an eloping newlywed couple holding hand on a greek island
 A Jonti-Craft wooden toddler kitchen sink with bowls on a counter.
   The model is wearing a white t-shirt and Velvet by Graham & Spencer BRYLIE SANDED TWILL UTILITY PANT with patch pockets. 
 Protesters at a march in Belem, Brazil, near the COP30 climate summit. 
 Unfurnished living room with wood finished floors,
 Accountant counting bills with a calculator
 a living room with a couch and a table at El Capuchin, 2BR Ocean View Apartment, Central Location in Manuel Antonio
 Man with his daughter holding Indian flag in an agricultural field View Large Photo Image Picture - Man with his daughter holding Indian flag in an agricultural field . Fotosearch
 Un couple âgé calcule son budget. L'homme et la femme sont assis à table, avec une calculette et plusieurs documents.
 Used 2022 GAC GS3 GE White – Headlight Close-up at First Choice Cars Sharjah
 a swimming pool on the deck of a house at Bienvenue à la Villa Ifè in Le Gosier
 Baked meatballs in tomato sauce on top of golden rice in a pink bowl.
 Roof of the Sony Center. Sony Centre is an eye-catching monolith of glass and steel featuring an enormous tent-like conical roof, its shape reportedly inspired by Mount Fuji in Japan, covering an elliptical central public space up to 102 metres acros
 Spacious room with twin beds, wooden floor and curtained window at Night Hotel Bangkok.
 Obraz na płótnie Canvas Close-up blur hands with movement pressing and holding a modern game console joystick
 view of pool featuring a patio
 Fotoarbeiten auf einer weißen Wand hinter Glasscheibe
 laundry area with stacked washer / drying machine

- - - - - - -

§ **Brief**
Return exactly the lines that run from the top of the listing above to the line containing "Roof of the", please, keeping both end lines and leaving out everything else.

§ **Solution**
an eloping newlywed couple holding hand on a greek island
 A Jonti-Craft wooden toddler kitchen sink with bowls on a counter.
   The model is wearing a white t-shirt and Velvet by Graham & Spencer BRYLIE SANDED TWILL UTILITY PANT with patch pockets. 
 Protesters at a march in Belem, Brazil, near the COP30 climate summit. 
 Unfurnished living room with wood finished floors,
 Accountant counting bills with a calculator
 a living room with a couch and a table at El Capuchin, 2BR Ocean View Apartment, Central Location in Manuel Antonio
 Man with his daughter holding Indian flag in an agricultural field View Large Photo Image Picture - Man with his daughter holding Indian flag in an agricultural field . Fotosearch
 Un couple âgé calcule son budget. L'homme et la femme sont assis à table, avec une calculette et plusieurs documents.
 Used 2022 GAC GS3 GE White – Headlight Close-up at First Choice Cars Sharjah
 a swimming pool on the deck of a house at Bienvenue à la Villa Ifè in Le Gosier
 Baked meatballs in tomato sauce on top of golden rice in a pink bowl.
 Roof of the Sony Center. Sony Centre is an eye-catching monolith of glass and steel featuring an enormous tent-like conical roof, its shape reportedly inspired by Mount Fuji in Japan, covering an elliptical central public space up to 102 metres acros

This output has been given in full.